There is, as I’ve discussed before, the general emotional fuckwittage of lawyers. Add billable hour pressure and client expectations (often unreasonable) to that predisposition, and you’ve got the definition of hell on earth to work in.

Yet lots of the comments to those blog entries make the point that lawyers can leave the nasty places and find a better place. I’m not sure the numbers really support that argument. Law firms continue their trend to become either mega-huge or very tiny and specialized. It’s harder and harder to find a mid-size regional firm spot, because those firms are getting gobbled or are splitting up. Plus, mid-size firms are not guarantee of Nirvana. The people who work in them are, yanno, lawyers.
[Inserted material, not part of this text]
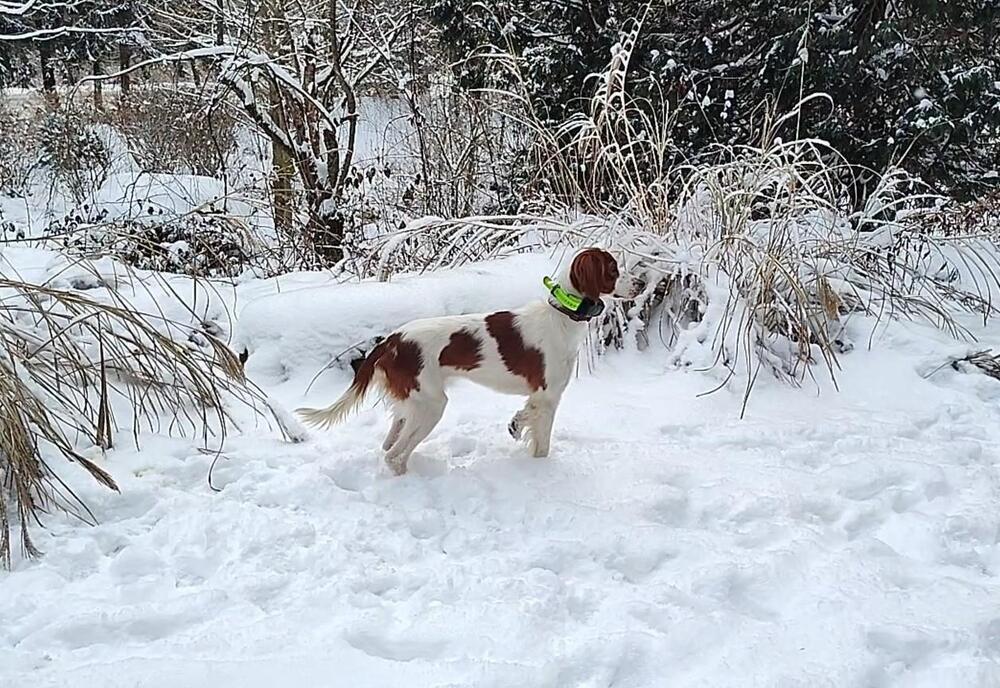 Enlarge Available - Juliette, a Adoptable Irish Setter in Havertown, PA image 6/6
And really, just because there are some alternatives out there to an inhumane environment doesn’t justify the inhumane environment itself. I mean, would you say to someone whose spouse is beating them that they made a choice, and to stop whining about all those bruises and broken bones? You can just get a divorce, you know. Right, there are some wing-nuts out there who would be that cold, but most folks would recognize a few things, such as:

  • The abusive spouse shouldn’t be allowed to be abusive, period. This is not behavior society wants to promote in any way;
  • The battered spouse knew that his or her spouse wasn’t perfect, but did not foresee how badly the abusive spouse would behave. Initially, she or he was really charming and considerate;
  • The battered spouse’s mental and emotional state is impaired after being in the abusive situation, and they can’t always make the best decisions about their current situation without help;
  • The battered spouse still loves the abusive spouse, as irrational as that seems.

A lot of the talk about law firm environments reminds me of how the perception of women in the workplace has evolved. In the 1960s and 1970s, women could get jobs, but they were expected to put up with all manner of slurs and denigration. There were some few men in the workplace who were willing to accept women as equals; a big chunk who were unsure the arrangement would work, but didn’t spend a lot of energy opposing the idea; and another big chunk of men who were diametrically opposed to the idea of women in positions of power and authority.
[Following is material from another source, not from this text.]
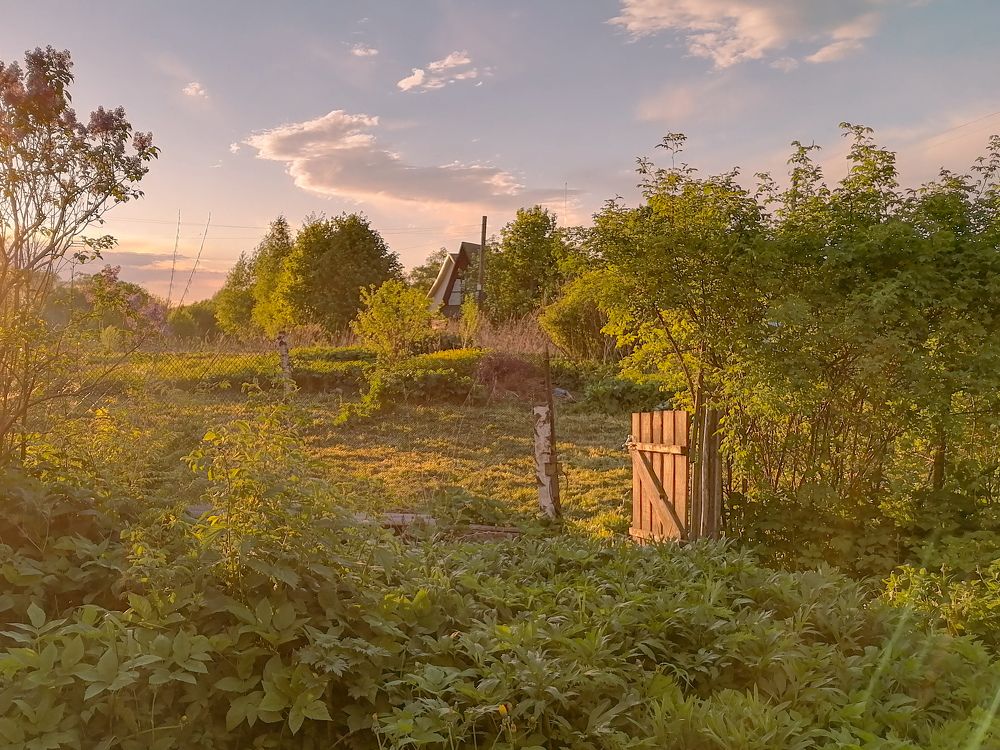 Photograph by Ольга Миронова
Nowadays, no one dares say that women cannot do the jobs, but they defend to death the workplace structures that make life difficult for single people, and impossible for people who want to be parents in anything but the Ward Cleaver, see-you-at-dinner mode. Except that Ward and his lawyer buddies in the 1950s didn’t work nearly so hard or so many hours as are expected today.

So in law firms, we see an evolution from grudging acceptance of the idea that the world won’t end if some lawyers work part-time, to a realization that firms can make more money if they let lawyers be “of counsel” and never make partner, but still bill the daylights for their work, to the current dipping of the toe in the less work for less money pond. These are all good steps toward making one aspect of law firm life — the sheer amount of work — more bearable, but these steps do nothing to make the environment itself more palatable. Too many partners treat their colleagues, associates, and staff like crap, raining undeserved criticism down by the bucket, and doling out praise by the drop. Or simply standing by when their partner does it to someone else. Or maintaining ridiculous expectations, like instant reply to Blackberry summonses on a Saturday night. Or . . . well you can fill in some of the list, those of you who live it every day.

The point is, until the belief system of the abuser changes, simply spending a few hours less in his or her presence doesn’t solve much.